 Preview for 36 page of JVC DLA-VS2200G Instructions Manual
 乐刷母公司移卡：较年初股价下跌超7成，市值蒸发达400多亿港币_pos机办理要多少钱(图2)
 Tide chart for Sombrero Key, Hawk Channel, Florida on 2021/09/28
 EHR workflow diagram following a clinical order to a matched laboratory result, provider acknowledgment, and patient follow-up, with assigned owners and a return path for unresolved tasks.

...

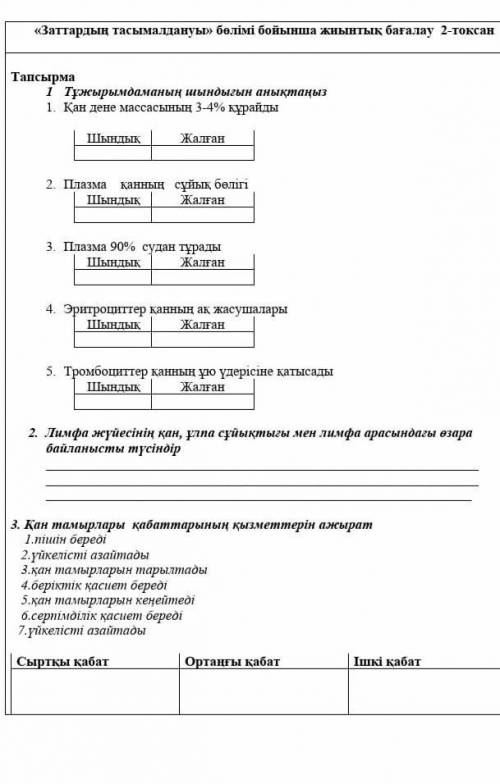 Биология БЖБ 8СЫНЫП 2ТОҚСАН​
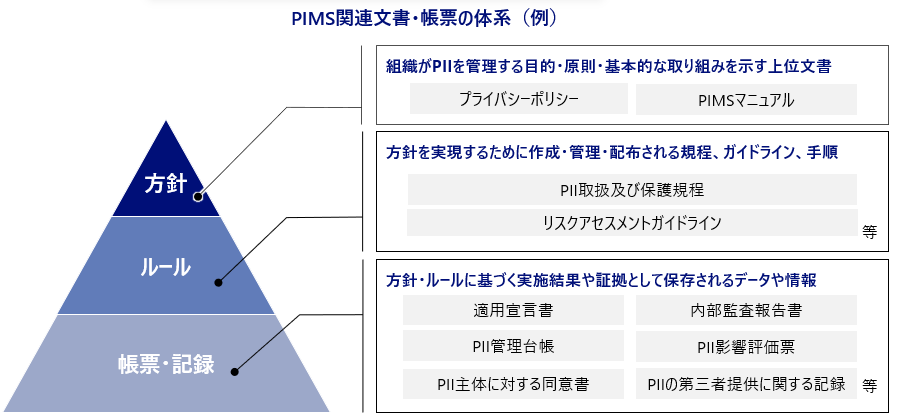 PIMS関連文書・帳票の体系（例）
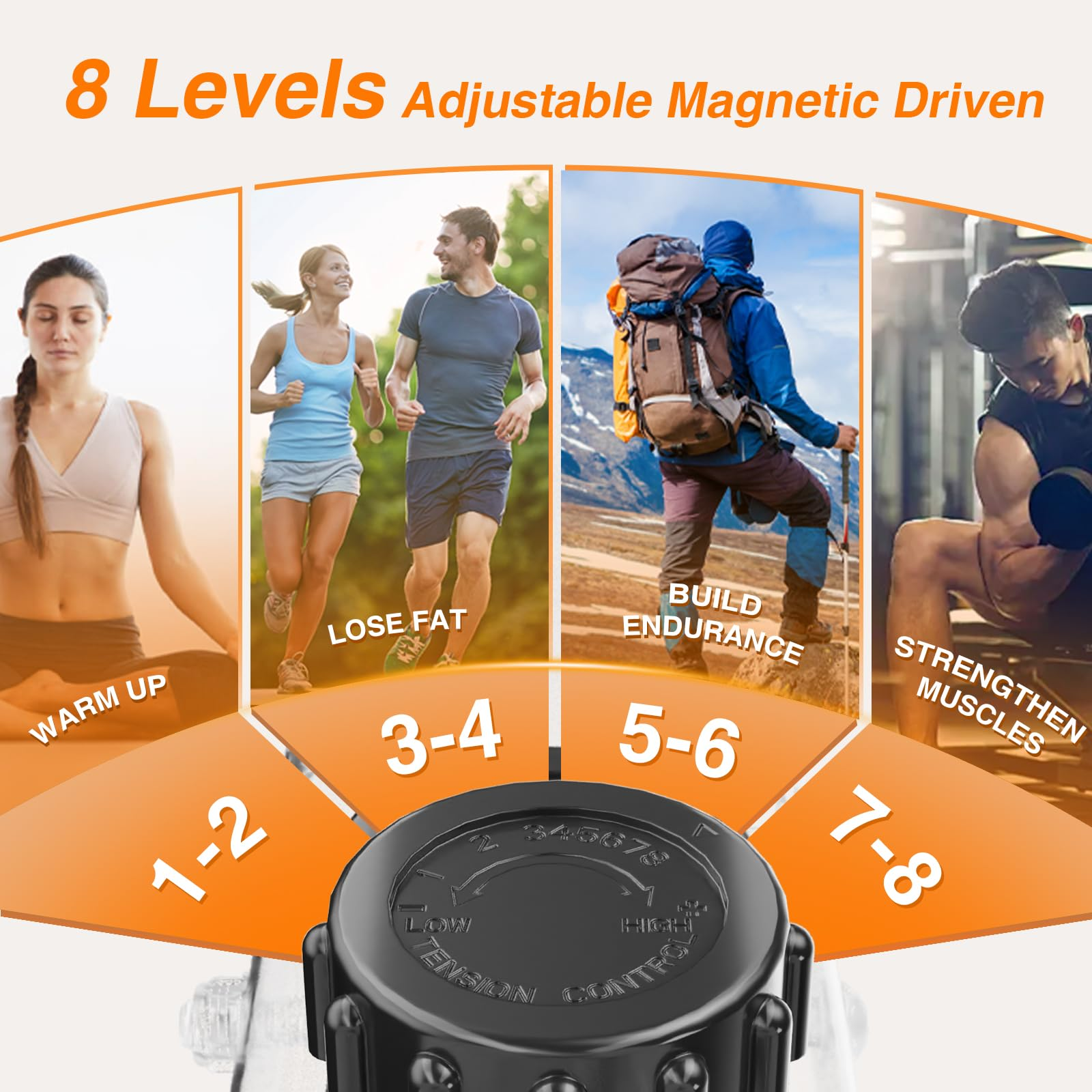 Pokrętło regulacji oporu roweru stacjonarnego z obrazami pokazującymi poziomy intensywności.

--

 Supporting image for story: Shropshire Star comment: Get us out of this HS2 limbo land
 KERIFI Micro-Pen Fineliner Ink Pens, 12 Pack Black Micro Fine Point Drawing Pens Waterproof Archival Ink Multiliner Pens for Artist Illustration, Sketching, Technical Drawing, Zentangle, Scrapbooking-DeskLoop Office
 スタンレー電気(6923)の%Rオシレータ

EXERCISE PROMPT:
Out of the entries above, write out only the lines between the line holding "Preview for 36" and the line holding "EHR workflow diagram", inclusive, each exactly as given.

EXERCISE RESPONSE:
 Preview for 36 page of JVC DLA-VS2200G Instructions Manual
 乐刷母公司移卡：较年初股价下跌超7成，市值蒸发达400多亿港币_pos机办理要多少钱(图2)
 Tide chart for Sombrero Key, Hawk Channel, Florida on 2021/09/28
 EHR workflow diagram following a clinical order to a matched laboratory result, provider acknowledgment, and patient follow-up, with assigned owners and a return path for unresolved tasks.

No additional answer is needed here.